The History of the Lever-Action Rifle


This is an abbreviated history of how the lever-action rifle came to be without the details of the intrigue that accompanied its development. If you are not already acquainted with the story, I sincerely hope you enjoy my rendition of it. For those of you not familiar with it, I will start this narrative with the Volition Rifle.

The innovative Volition was the first lever-action rifle and used a metallic cartridge. However, its inventor, Walter Hunt, did not know how to market it. His patent was modified and improved by Lewis Jennings who was also not successful but led to the establishment of two legendary American firearm manufacturers.


Through the transfers of the patents, an order of 5,000 Jennings Rifles was contracted to the Robbins & Lawrence Firearms Company in Vermont. Fortuitously the shop foreman at the time was Benjamin Tyler Henry. To help with production issues, the company hired Horace Smith.

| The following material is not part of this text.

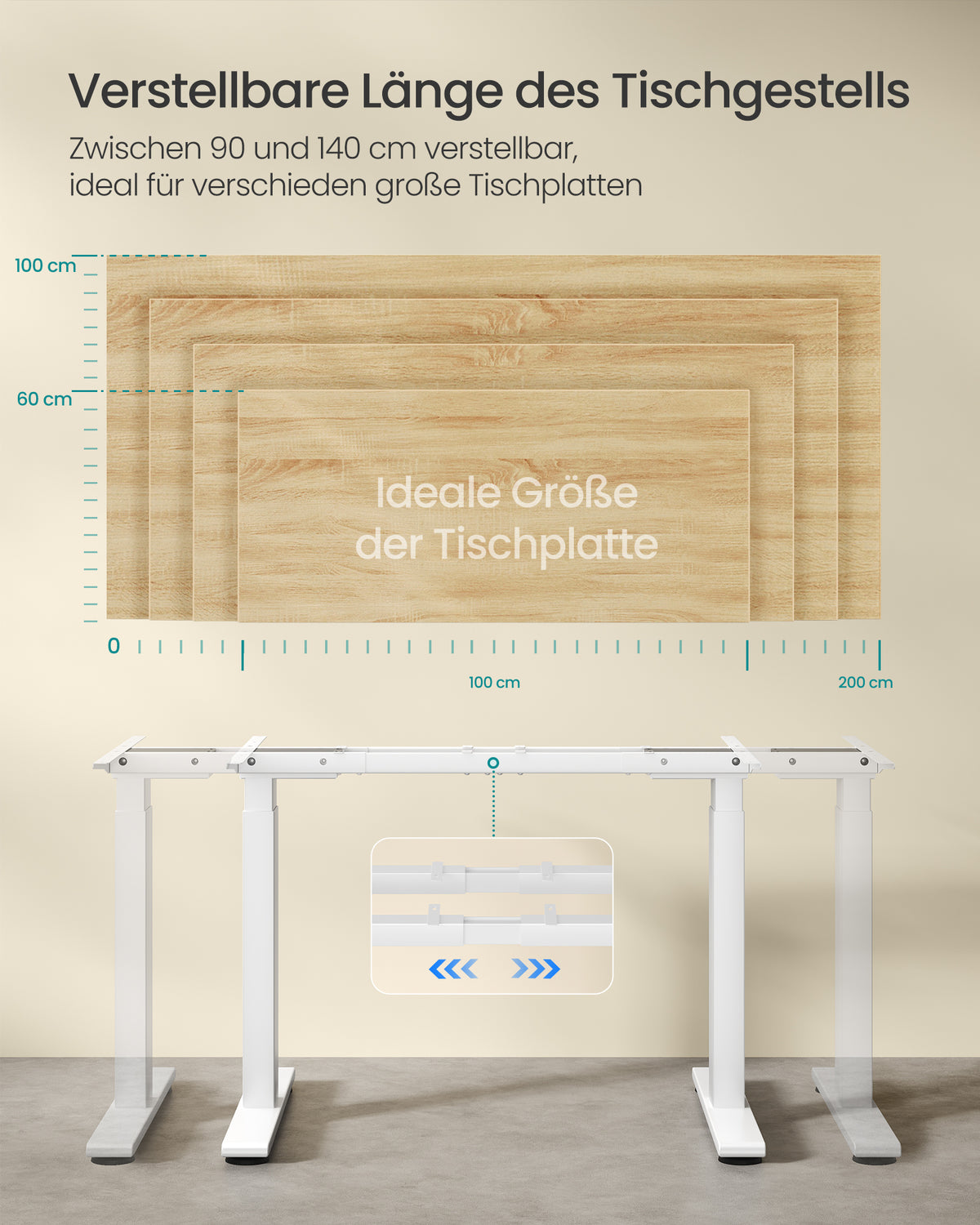 Sitz-Steh-Schreibtischgestell – Elektrisches Untergestell – Doppelmotor – Höhe 72–120 cm – USB-C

Horace Smith and Benjamin Tyler Henry worked together to improve the design and manufacturing to fill those orders. Coincidentally, Daniel Wesson was hired as the superintendent of the Leonard Pistol Works which was a division of Robbins & Lawrence. That is how Horace Smith, Daniel Wesson, and Benjamin Tyler Henry came to meet.

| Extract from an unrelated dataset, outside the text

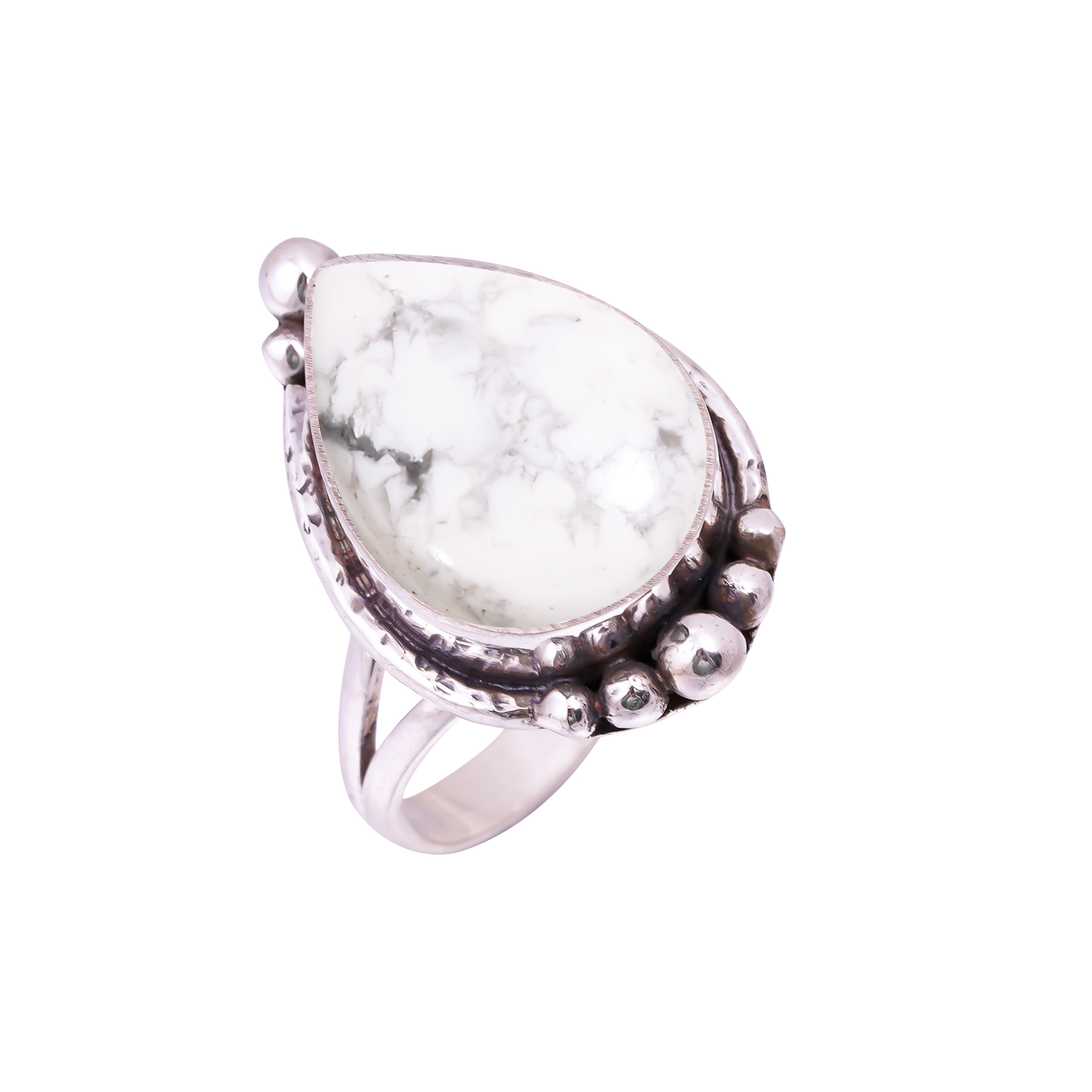 Natural White Howlite - United States Gemstone 925 Sterling Silver Ring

During that time frame, Samuel Colt invented his revolvers and Colt’s products were lighter, faster, more powerful, and more accurate than anything available at that time. Because of Sam Colt’s marketing acumen, they were also more popular than anything else on the market. Meanwhile in 1851, Horace Smith was sent to Europe to attend the London Great Exhibition. At the exhibition he met the French inventor, Louis Flobert and learned about his development of the self-contained brass cartridge and rimfire ignition.

Upon his return from Europe, Smith, along with Daniel Wesson, began working on the new cartridge and a new pistol. In 1853, they filed patent applications for a new cartridge and pistol. The patents were granted in 1854. Horace Smith and Daniel Wesson formed a new company to manufacture these products and named their company, “Smith and Wesson.” They soon hired Benjamin Tyler Henry to be their shop superintendent.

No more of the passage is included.